DNS is analogical to the phone books, which are now becoming obsolete. They are their equivalent in the digital age. They link the domain to the server’s actual IP address, which holds the information the browser requests.

How do DNS Servers Work?

DNS servers hold and distribute the DNS directory globally. They are interlinked and communicate regularly to build redundancy and synchronize directory data.

A domain can have just one associated IP address, hundreds or tens of thousands. For example, eBay has thousands of servers all over the world. A customer uses one physical server in one country or geographical region, which is totally different from what another user in another country accesses. Internet services are global in nature, which necessitates a network of scalable and distributed DNS servers to make sure users can find the requested server’s location quickly, irrespective of where they are based.

Common DNS Issues

Given the complexity of DNS servers, it’s hardly a surprise that issues can arise. The most common ones include unresponsive servers, resolution failure, high latency, wrongly configured servers, and high Time to Live (TTL) values. 

Resolution failure

Resolution failure occurs when the server can’t link an IP to a domain name. The usual cause is network connectivity problems, wrong configuration, or an unregistered domain.

Unresponsive server

The “DNS server not responding” error manifests when the server’s configuration is wrong or the server is down. Poor network connection can also cause it.

High DNS latency

Latency means how much time data takes to reach its destination over a network and then return to its source. It’s measured in milliseconds (ms) and should be as low as possible. The higher the latency, the more time a site takes to load.
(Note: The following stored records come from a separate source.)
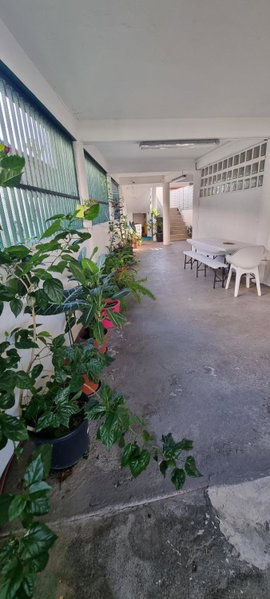 Chez Liliane, Saint-Denis, Treffen
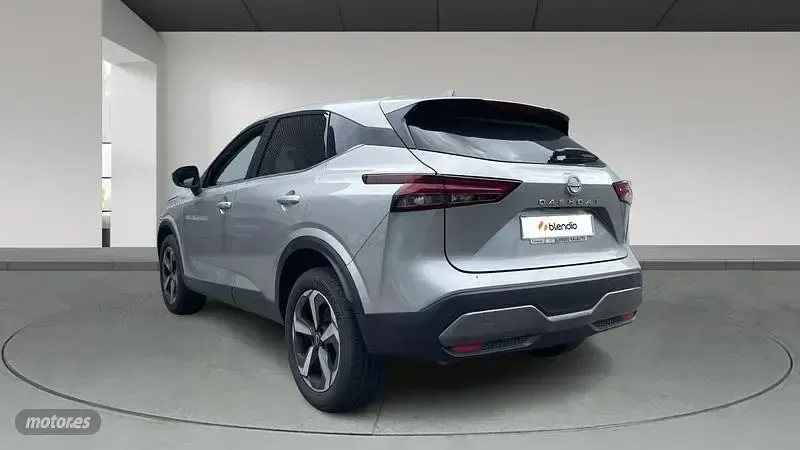 Usado Nissan Qashqai N-Connecta 140 CV (102 kW) 2024 Plateado SUV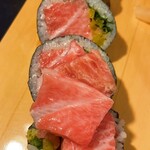 百蔵食堂 - ボリュームと弾力ありすぎてハサミで切って食べた○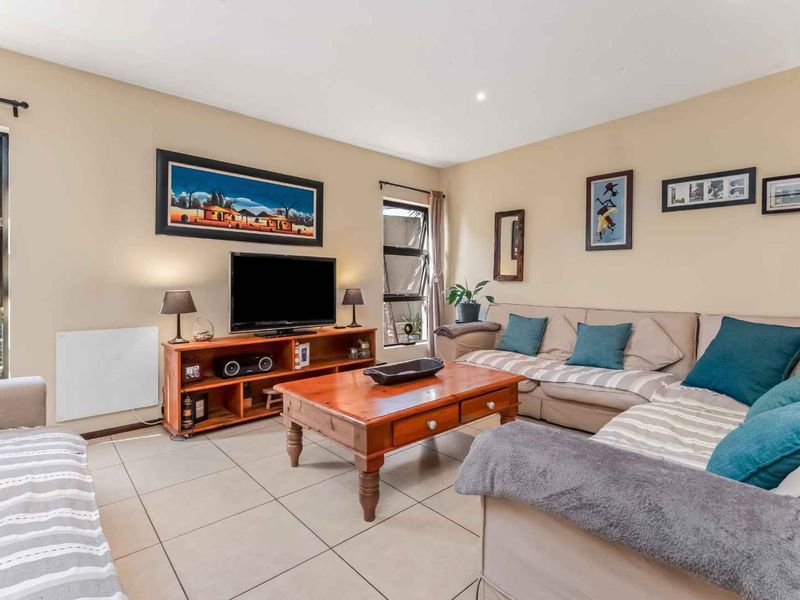 Exquisite 3-Bedroom 2 Bathroom Family Home in a Secure Complex - Photo 7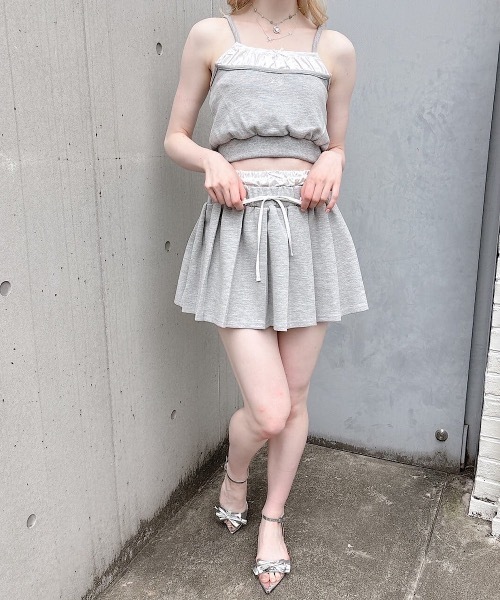 lilLilly（リルリリー）の「ダブルベルトプリーツミニスカート（スカート・レディース・ブラック/ネイビー/グレー・FREE）」の19枚目の写真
Latency is adversely impacted by network congestion. In addition, the server’s location is a crucial factor. Logically, latency is high when the user is far from the server.

Incorrect DNS configuration

Poorly or wrongly configured records cause DNS problems quite often. Mistakes in your records’ IP addresses and values lead to DNS resolution issues. Moreover, configuration mistakes in records make it impossible for the server to send and receive emails.

High TTL

The Time to Live (TTL) is how long a cached record should exist before a new one is requested. It is measured in seconds and set within each DNS configuration record. Usually, high TTL values are set for DNS records that don’t change often, like MX or TXT. However, a low value is needed for resources that undergo frequent updates. It is critical for website and network changes. The wrong setting can lead to downtime and high propagation waiting time.

You must understand how to use TTL properly to make the most of DNS resources and guarantee a satisfactory user experience. 

DNS Lookup

The DNS lookup process typically transpires in eight steps, which trace the information path between the server and the originating web browser. DNS lookup time is typically reduced by caching DNS information. The steps are outlined below in cases where the DNS information is not cached.

1. You enter the domain name (ex. apple.com) in your browser, which transmits the query to a DNS recursive resolver via the ISP.

2. The resolver then transmits it to the root DNS nameserver.

3. The root server returns the Top-Level Domain (TDL) address to the resolver. Examples of top-level domains are all those ending in “.com,” “.net,” and “.org.”

4. The resolver sends the data request to the TDL server.

5. The TLD nameserver responds to the resolver with the nameserver of the domain’s targeted IP address (the DNS server for “apple.com.”)

6. The resolver transmits the query to the domain’s DNS server.

7. The server returns the IP address to the resolver for the domain requested.

8. At the end, the resolver returns the domain’s IP to the requesting web browser. The browser sends the IP the HTTPS request. The server with that address returns the webpage, and it appears in the browser.